*ABOUT THIS TASK*:
Across the data below, in how many lines does the word "boat" appear? Give only the number.

*SOURCE RECORDS*:
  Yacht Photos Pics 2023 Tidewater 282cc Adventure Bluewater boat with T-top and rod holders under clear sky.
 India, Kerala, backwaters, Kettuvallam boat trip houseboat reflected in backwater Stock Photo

...

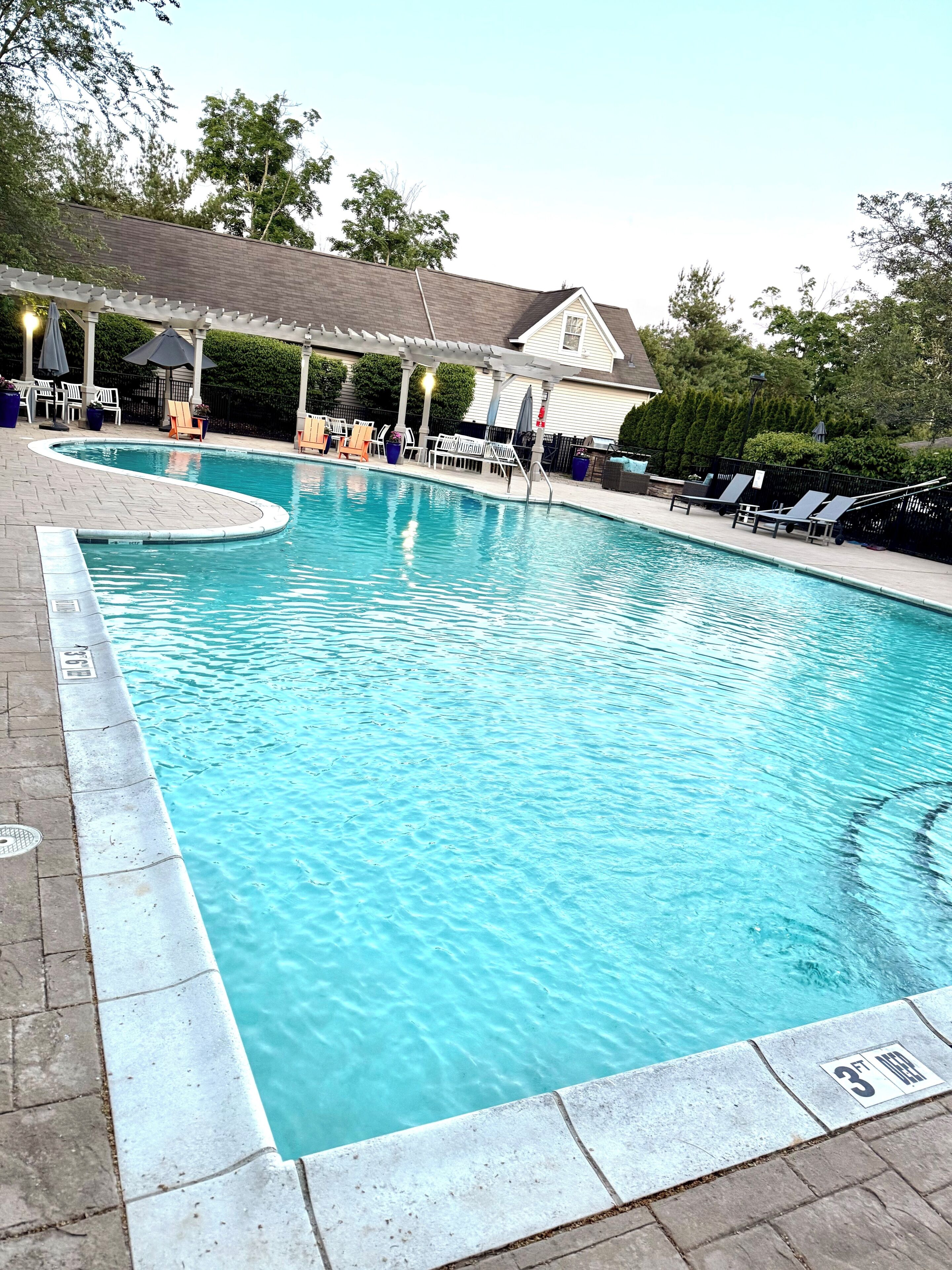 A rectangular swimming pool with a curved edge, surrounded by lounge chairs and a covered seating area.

* * *

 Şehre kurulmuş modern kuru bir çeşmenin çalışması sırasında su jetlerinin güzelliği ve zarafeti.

*COMPLETED TASK*:
2